Bridget Jones’s Diary and You’ve Got Mail are just a couple of the romantic comedies that inspire the woman who created Lara Jean Covey and Peter Kavinsky’s epic love story.


Jenny Han and Lana Condor

(Photo by Sarah Shatz/Netflix)

Author Jenny Han is an expert on crushes, romances and meet-cutes. In addition to other titles in her catalog, her To All The Boys I’ve Loved Before book trilogy is an international best-seller that has inspired three Netflix movies – the last of which, To All the Boys: Always and Forever, was released February 12 on the streaming channel. Peppered with references, both vague and blatant, to its rom-com ancestors, the films follow Lana Condor’s high schooler Lara Jean Covey and her commitment to baked goods, her sisters, and, eventually, her near-perfect boyfriend, Peter Kavinsky (Noah Centineo).

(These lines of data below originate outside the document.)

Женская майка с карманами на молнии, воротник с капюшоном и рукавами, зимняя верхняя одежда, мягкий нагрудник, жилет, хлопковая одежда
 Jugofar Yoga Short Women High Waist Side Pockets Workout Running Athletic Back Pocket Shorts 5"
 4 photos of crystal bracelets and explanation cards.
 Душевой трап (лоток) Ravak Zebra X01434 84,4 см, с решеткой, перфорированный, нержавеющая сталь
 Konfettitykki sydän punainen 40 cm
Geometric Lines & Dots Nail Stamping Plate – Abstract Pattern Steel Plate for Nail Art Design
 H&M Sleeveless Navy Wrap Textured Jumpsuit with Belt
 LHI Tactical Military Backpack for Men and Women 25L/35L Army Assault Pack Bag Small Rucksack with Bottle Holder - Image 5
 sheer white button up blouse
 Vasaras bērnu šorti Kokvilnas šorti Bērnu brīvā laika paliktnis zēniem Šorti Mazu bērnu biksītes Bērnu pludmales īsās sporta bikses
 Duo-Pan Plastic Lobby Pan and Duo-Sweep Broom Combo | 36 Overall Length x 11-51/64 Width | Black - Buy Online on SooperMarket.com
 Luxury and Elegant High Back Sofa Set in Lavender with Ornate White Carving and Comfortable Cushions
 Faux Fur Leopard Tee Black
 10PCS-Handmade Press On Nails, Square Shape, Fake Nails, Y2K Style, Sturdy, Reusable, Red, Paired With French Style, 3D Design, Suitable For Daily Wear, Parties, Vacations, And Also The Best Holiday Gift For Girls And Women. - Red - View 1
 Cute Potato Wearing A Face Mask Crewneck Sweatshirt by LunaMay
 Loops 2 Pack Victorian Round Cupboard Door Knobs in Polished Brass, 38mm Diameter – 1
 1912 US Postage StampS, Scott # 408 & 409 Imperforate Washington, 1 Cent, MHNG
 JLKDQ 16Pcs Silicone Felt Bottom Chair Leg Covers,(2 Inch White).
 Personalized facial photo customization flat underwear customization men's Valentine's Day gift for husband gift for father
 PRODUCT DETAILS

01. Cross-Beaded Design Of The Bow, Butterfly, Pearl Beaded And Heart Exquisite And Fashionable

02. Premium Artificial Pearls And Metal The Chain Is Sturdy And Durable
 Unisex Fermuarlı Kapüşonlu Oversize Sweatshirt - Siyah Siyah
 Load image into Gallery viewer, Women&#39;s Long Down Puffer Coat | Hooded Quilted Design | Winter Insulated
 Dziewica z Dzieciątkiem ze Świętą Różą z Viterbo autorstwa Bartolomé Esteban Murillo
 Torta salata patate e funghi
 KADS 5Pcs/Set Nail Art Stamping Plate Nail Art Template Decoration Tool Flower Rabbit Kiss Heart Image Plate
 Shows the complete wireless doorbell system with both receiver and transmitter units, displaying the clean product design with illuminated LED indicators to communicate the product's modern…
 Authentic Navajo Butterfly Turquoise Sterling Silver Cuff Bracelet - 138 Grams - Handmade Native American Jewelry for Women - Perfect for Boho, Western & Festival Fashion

So it isn’t really a surprise that Han is frequently asked about her favorite romantic comedies.

“I’ve gone back and forth over it, but for me, my favorite that I can turn on and it puts me in a good mood and it’s just comforting is Bridget Jones’s Diary,” Han says of the Renée Zellweger film. “I think it’s a gold standard. And I mean, there’s a reason she (Zellweger) was nominated for an Academy Award for that.”

And, as anyone who has read Han’s books or seen the To All the Boys movies knows, she says she “love(s) love triangles.” Han says that the one in Bridget Jones particularly works because the two potential suitors, Colin Firth’s Mark Darcy and Hugh Grant’s Daniel Cleaver, both “feel like legitimate options, even though Daniel is a cad.”

This isn’t to say that Han has seen every romantic comedy ever. She tried watching Broadcast News on a plane and failed and says that “I don’t think I fully appreciated” Heartburn because she saw it as a kid when a friend’s older sister had rented it. Han remembers that she “drifted away from the television” thinking that the relationship dynamic between Meryl Streep’s Rachel Samstat and Jack Nicholson’s Mark Forman “seems messed up.” (She was not wrong.)

It’s even debatable whether or not those two movies are even romantic comedies – something that also happens a lot to movies about teens.

“For instance, I would say that Breakfast Club gets shelved in romantic comedy,” Han says. However, “I don’t really think it’s that romantic. I think, with a teen love story, oftentimes it’s a lot more about their whole life and family and stuff. And I think, oftentimes, with adult romantic comedies, it’s really more about the romance. And so I think coming-of-age can be shelved also in romantic comedy.”